PETITIONER: Defiance Knitting Industries Pvt. Ltd

RESPONDENT: Jay Arts

DATE OF JUDGMENT: 30/08/2006

BENCH: ARIJIT PASAYAT & LOKESHWAR SINGH PANTA

JUDGMENT: J U D G M E N T (Arising out of SLP (C) No. 20393 of 2005)

ARIJIT PASAYAT, J.

       Leave granted.   

       Challenge in this appeal is to the judgment rendered by a         learned Single Judge of the Bombay High Court dismissing  the writ petition No. 2521 of 2005 filed by the appellant.  By  the impugned judgment the High Court upheld the view of the  trial court in Summary Suit No.10 of 2001 that the appellant  has not made out a case for unconditional leave to defend in  terms of  Order XXXVII Rule 2 of the Code of Civil Procedure,  1908, ( in short the ’CPC’).   

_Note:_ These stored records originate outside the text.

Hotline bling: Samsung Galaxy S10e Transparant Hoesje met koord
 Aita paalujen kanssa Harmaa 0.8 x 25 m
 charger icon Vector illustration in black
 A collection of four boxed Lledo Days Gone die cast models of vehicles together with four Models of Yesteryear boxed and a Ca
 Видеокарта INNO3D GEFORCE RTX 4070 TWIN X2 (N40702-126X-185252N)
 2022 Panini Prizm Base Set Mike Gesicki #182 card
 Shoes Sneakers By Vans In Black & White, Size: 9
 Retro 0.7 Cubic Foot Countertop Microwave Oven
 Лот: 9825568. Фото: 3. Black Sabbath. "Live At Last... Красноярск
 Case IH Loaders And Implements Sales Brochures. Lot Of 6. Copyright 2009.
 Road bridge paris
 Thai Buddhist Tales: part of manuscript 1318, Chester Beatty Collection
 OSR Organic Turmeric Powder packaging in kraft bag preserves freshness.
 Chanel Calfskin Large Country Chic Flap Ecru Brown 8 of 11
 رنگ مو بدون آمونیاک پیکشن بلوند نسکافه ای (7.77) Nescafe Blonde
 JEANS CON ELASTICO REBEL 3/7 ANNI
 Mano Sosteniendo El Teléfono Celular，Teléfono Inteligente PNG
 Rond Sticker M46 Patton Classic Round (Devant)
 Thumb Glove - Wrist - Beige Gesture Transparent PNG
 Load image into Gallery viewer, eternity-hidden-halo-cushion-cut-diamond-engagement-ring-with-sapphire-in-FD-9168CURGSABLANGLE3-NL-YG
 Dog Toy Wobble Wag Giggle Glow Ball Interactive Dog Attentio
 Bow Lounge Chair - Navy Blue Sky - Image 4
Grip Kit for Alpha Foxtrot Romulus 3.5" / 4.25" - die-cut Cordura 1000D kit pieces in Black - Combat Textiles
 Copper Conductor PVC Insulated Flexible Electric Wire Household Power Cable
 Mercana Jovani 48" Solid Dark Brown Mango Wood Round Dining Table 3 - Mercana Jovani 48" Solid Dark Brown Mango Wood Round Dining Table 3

The factual background in a nutshell are as follows:

Summary Suit No.10 of 2001 has been filed by the  respondent before the learned Civil Judge (Senior Division) at  Kalyan for recovery of an amount of Rs.98,81,426.63. In  addition, the plaintiff has claimed interest from the date of  filing of the suit till the realisation of the amount. The suit was  filed on 05.07.2001. After issuing notice, the writ petitioner- defendant filed an application under Order XXXVII Rule 3(5) of  C.P.C. for leave to defend unconditionally and the said  application was rejected by the trial Court. The writ Petitioner,  therefore, approached the High Court in Civil Revision  Application No. 659 of 2002 and in terms of the consent  orders, it was disposed of on 02.05.2002. The said order was  to the effect that the writ petitioner was to deposit an amount  of Rs. 20,00,000/- with the trial Court within four months to  show his bonafides and was entitled to take out an application  for leave to defend which was required to be heard on merits.  If he succeeded in his application for leave to defend, he was  allowed to withdraw the amount deposited. The trial Court  heard the parties afresh and by order dated 11.03.2005  allowed the application (Ex. 34) on the condition that the writ  petitioner was to deposit an additional amount of  Rs.50,00,000/- in two instalments. The said order was  challenged before the High Court.  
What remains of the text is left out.